It's really been almost a month since I last posted?? No wonder Cyn called me out!! ((Hi Cyn!!))
Wow, I knew I'd been slacking, but not that much. I guess things have just been so hectic and busy that time slipped by. Hmph.
Well, things are going really well on my end of the world. The boys are doing good. Jonah had last week off for Spring break and is back into the swing of things this week. Logan has his good days and his bad days, which I've come to accept as normal for him. We're working on it and he is doing better.
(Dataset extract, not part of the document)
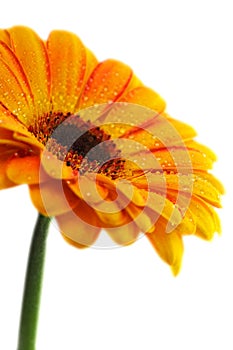 Yellow gerber flower with drops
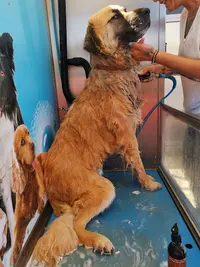 The Dog Wash Saint-cyr-sur-mer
Easter was good. I actually made Easter lunch and had my family over. We had ham, mashed potato's, green bean casserole, and banana pudding. It was a really good lunch and I was proud to have done it all by myself. After lunch the kids and I went with F out to his friends house. The boys were in heaven!! Other kids to play with!! LOL. We stayed for a few hours. Logan went swimming (yes, it was warm enough here, isn't that crazy??!!). Jonah played basketball with all the big boys (they are not men on the court, lol). And I got to meet all the other wives and significant others and start to meld into F's world. It was very nice.
The night before Easter we had an absolute blast. We went down to the Fresno Grizzlies (minor-league baseball) game!! It was so much fun!!! Logan's girlfriend Tatum (and her grandparents, my very close friends) went with us. Jonah's friend Kyle came along too. We all loaded into my car (which I LOVE by the way ... so nice to all ride together). The kids had an absolutely awesome time, dancing and cheering and laughing all night. It was such a treat!!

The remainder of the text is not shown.